I recently took a coding test for a promotion at work. This was one of the tasks I really struggled with and was wondering what is the best way to do this. I used a load of

Answer 1

It's not elegant or pretty, but it seems to do the trick!

const NOT_POSSIBLE = 'NOT POSSIBLE';

function generate(A, B, C, D) {
	var args = [A, B, C, D];
	var idx = -1;
	var out = NOT_POSSIBLE;
	var firstN, secondN;

	MAIN: {
		args.sort(NUMERIC_ASCENDING);
		// number has to start with 0, 1 or 2
		if (args[0] > 2) break MAIN;

		while (args[++idx] < 3) {}

		// take the higest 2, 1, or 0
		firstN = args[--idx];
		args = pop(args, idx);

		if (firstN === 2) {
			// make sure that the first number doesn't exceed 23 and
			// the second number 59
			if (args[0] > 3 || args[0] > 1 && args[1] > 5)
				break MAIN;
			// advance to the first number < 3 or the length
			idx = 0;
			while (args[++idx] < 3){}
		} else {
			// much simpler if we have a 0 or 1, take the biggest n remaining
			idx = args.length;
		}

		secondN = args[--idx];
		args = pop(args, idx);
		// if minutes number is too large, swap
		if (args[0] > 5) {
			out = '' + secondN + args[1] + ':' + firstN + args[0];
		} else {
			// if bottom number is low enough, swap for more minutes
			out = '' + firstN + secondN + (args[1] < 6 ? ':' + args[1] + args[0] : ':' + args[0] + args[1]);
		}
	}
	return out;
}

// numeric comparator for sort
function NUMERIC_ASCENDING(x, y) {
	return x > y ? 1 : y > x ? -1 : 0;
}

// specialized "array pop" I wrote out longhand that's very optimized; might be cheating =D
function pop(arr, target) {
	switch (arr.length) {
	case 3:
		switch (target) {
		case 0: return [arr[1], arr[2]];
		case 1: return [arr[0], arr[2]];
		default: return [arr[0], arr[1]];
		}
	case 4:
		switch (target) {
		case 0: return [arr[1], arr[2], arr[3]];
		case 1: return [arr[0], arr[2], arr[3]];
		case 2: return [arr[0], arr[1], arr[3]];
		default: return [arr[0], arr[1], arr[2]];
		}
	}
}

/* --------------- Start Speed Test --------------------- */
let startTime = Math.floor(Date.now());
let times = 10000;
let timesHolder = times;

while (times--) {
  let A = randNum();
  let B = randNum();
  let C = randNum();
  let D = randNum();
  generate(A, B, C, D);
  if (times == 0) {
    let totalTime = Math.floor(Date.now()) - startTime;
    let msg = timesHolder + ' Call Finished Within -> ' + totalTime + ' ms <-';
    console.log(msg);
  }
}
function randNum() {
  return Math.floor(Math.random() * (9 - 0 + 1)) + 0;
}
/* --------------- END Speed Test --------------------- */

Answer 2

Hmmm..... I guess it's really simple if you break it into simpler problems: eg find all valid hours (00-23), for each of these valid hours use the remaining numbers to find valid minutes (00-59), combine and sort.

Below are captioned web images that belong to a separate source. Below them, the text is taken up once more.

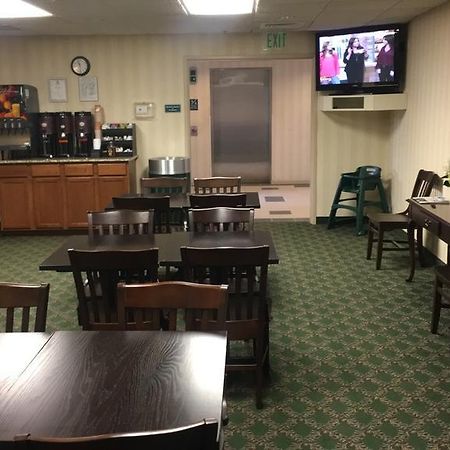 Greystone Inn & Suites Vance Екстериор снимка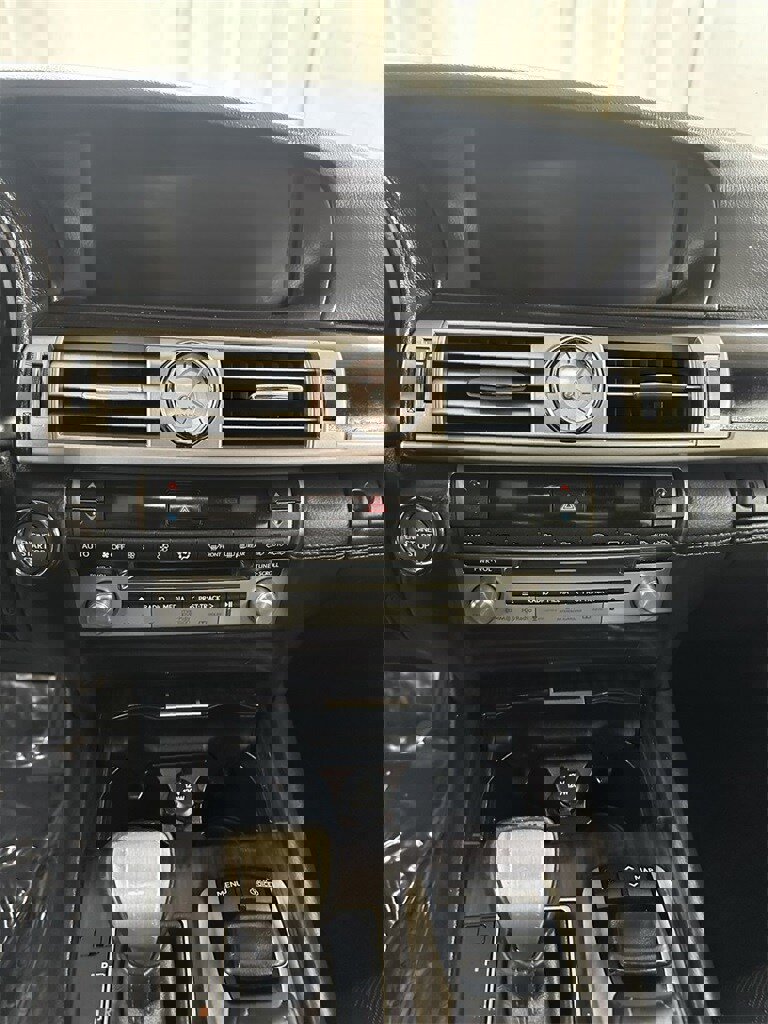 Used 2015 Lexus LS 460 L image 19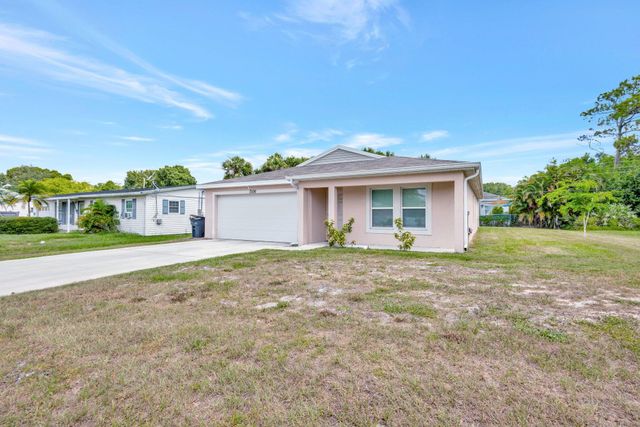 7106 Lakeland Boulevard, Fort Pierce, FL 34951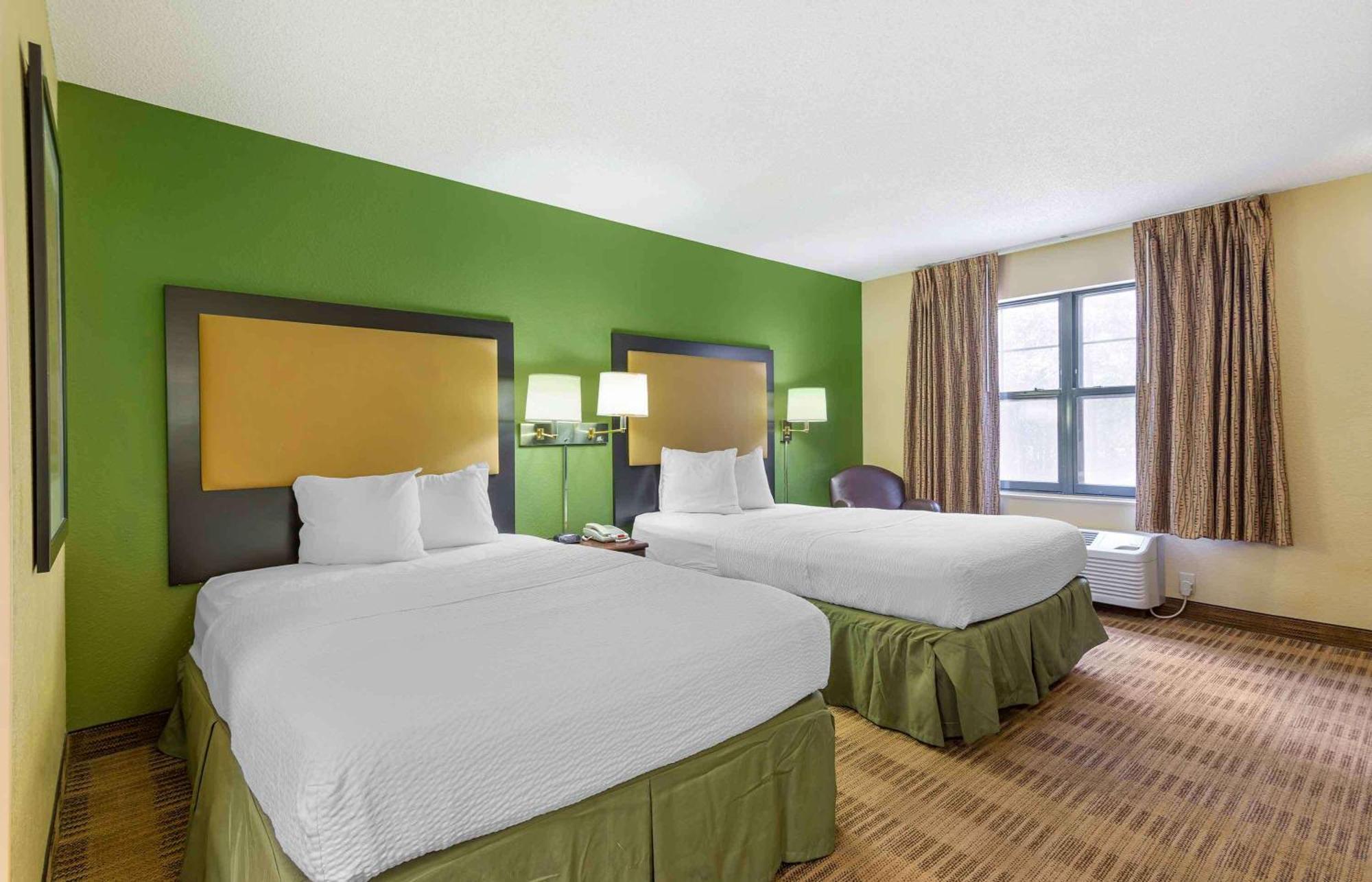 เอ็กซ์เทนด์ สเตย์ อเมริกา โคลัมบัส แบรดลีย์ พาร์ค Hotel ภายนอก รูปภาพ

In pseudo code something like the following

    valid_times = []
    function get_max(digits[]) {
                for each d1 in digits[]
            for each d2 in (digits[] except d1)
                res = is_valid_hour(d1, d2)
                if(res > 0) {
                    if(res == 2)
                        swap(d1, d2)
                    d3 = one of the rest in (digits except d1 and d2)
                    d4 = digit left in digits[]
                    res = is_valid_minute(d3, d4)
                    if(res > 0)
                        if(res == 2)
                            swap(d3, d4)
                        add (d1, d2, d3, d4) to valid_times;
                }
        sort(valid_times)
        print valid_times[0]
    }

    function is_valid_hour(a, b) {
        if (a*10+b<24)
            return 1

        if (b*10+a<24)
            return 2

        return 0;
    }

    function is_valid_minute(a, b) {
        if (a*10+b<60)
            return 1

        if (b*10+a<60)
            return 2

        return 0;
    }

Answer 3

My approach is to have array of available numbers (stack) and another with return value (ret). At first I put in ret invalid values "-1". Then I sort stack descending and loop trough to try to assign biggest possible number to return stack.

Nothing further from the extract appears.